If you're reading this, chances are you're fortunate enough to have a stove in your home where you can prepare your meals. It probably runs on electricity or natural gas. For millions of poverty-stricken people, though, making dinner means gathering wood or trash and burning it to cook their food.
Across the world, cooking fires lead to illness for millions of people in poverty while contributing to climate change. Secretary of State Hillary Clinton formed The Global Alliance for Clean Cookstoves along with the UN and a group of NGOs to help bring clean stoves to people in need.
Health and Safety
According to The Global Alliance for Clean Cookstoves, over 1.9 million people die prematurely each year because of smoke from cooking fires.
The smoke is also responsible for chronic illnesses ranging from bronchitis to lung cancer. It's especially dangerous for children and pregnant women, causing childhood pneumonia and low birth weight.
Gathering fuel for cooking fires usually falls to women, and it can be a huge safety issue, especially in places with little law enforcement. Women heading out on their own to gather wood or trash are at much higher risk for attack than when they're with their families.
Sure, cooking outside or installing a chimney helps reduce the health risks, but tactics like this don't reduce the environmental impacts of cooking smoke.
Burning wood or trash for fuel pollutes the air and contributes to climate change. The smoke contains CO2 and methane, harmful greenhouse gases.

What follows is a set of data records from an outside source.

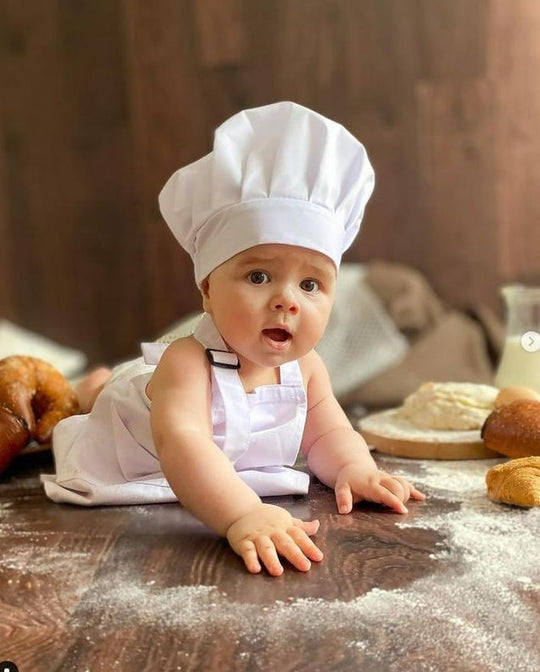 Children's apron and chef's hat set Latte Baby for babies 1-3 years White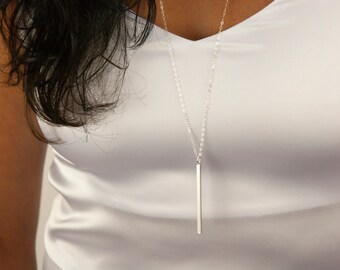 Long Vertical Bar Necklace for Women, Birthday Gift for Her, Silver bar jewelry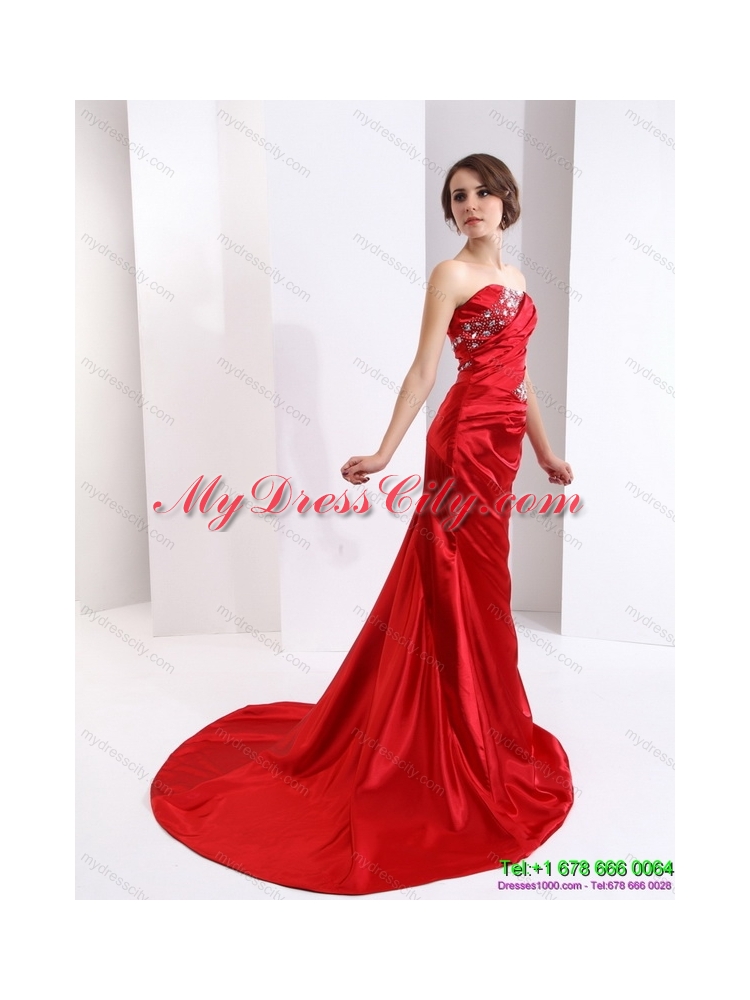 2015 Designer Ruching and Beading Prom Dress with Brush Train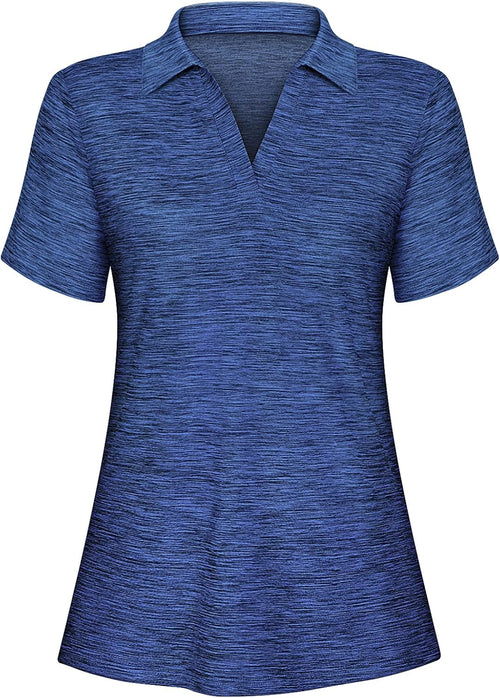 Cucuchy Womens V Neck Golf Polo Shirts Moisture Wicking Sports Workout Tops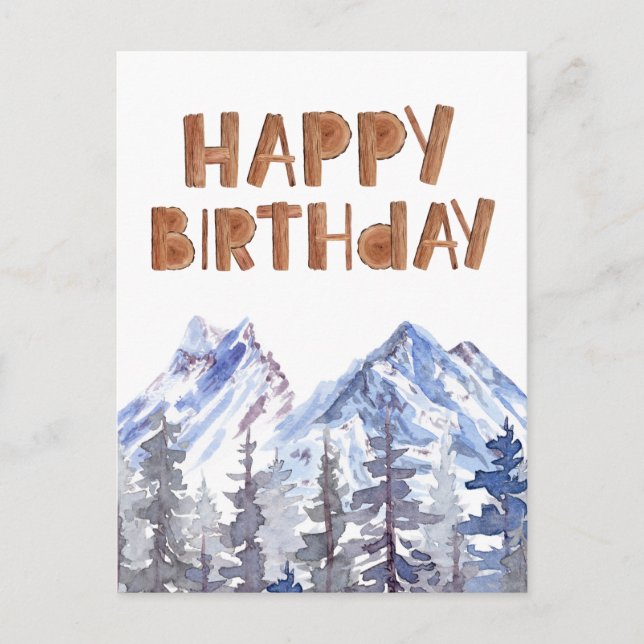 Carte Postale Forêt boisée d'hiver unique "Joyeux anniversaire" (Devant)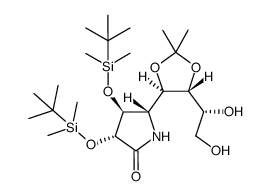 4-amino-4-deoxy-2,3-di-O-tert-butyldimethylsilyl-5,6-O-isopropylidene-D-erythro-L-altro-octono-1,4-lactam Structure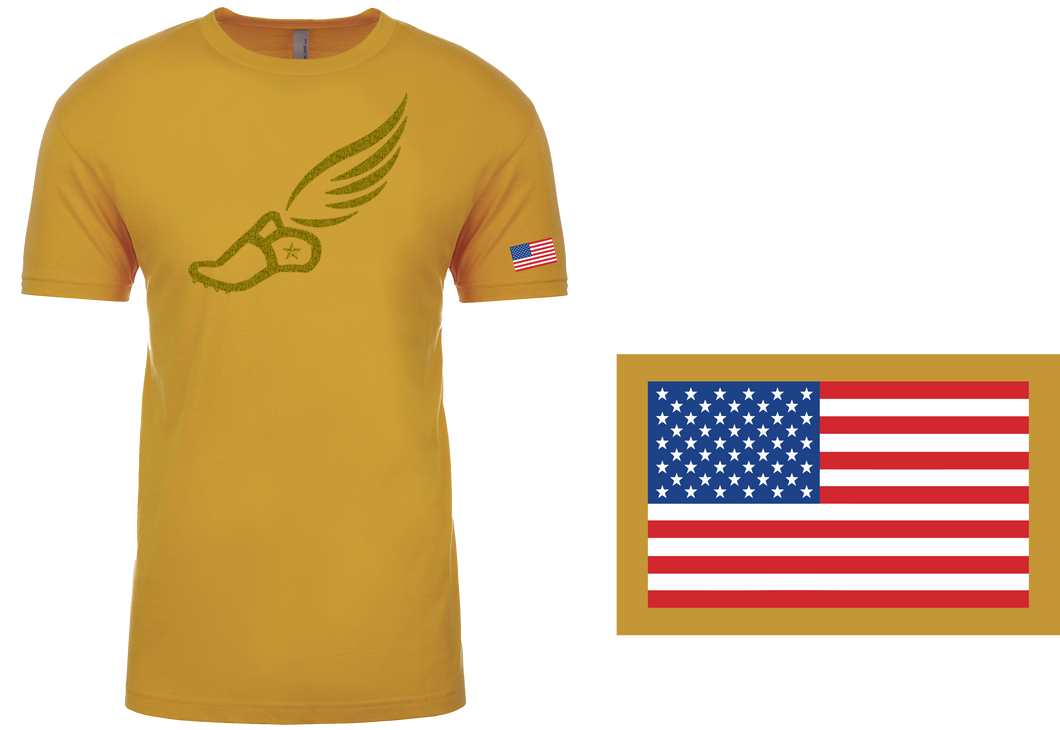 TRACKSTAR by Noey Antique Gold Track Spike Gold Logo: Flag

Clean cookstoves can reduce these harmful emissions by 40-95%.
Clean Cooking Stoves
The Global Alliance for Clean Cookstoves wants to put clean cookstoves into 100 million households by 2020 by working to raise awareness and build the necessary supply chains.
There are a number of different technologies, from gas stoves to ones that run on solar power.
While the Alliance is focusing on commercially-produced stoves, I wonder if they're looking into solutions that folks can build themselves? Over at Sustainablog, Ziggy talked about how to build a solar cooker for less than $20.
In addition to new initiatives, the Alliance is planning to partner with existing programs promoting cleaner stoves, like Project Surya.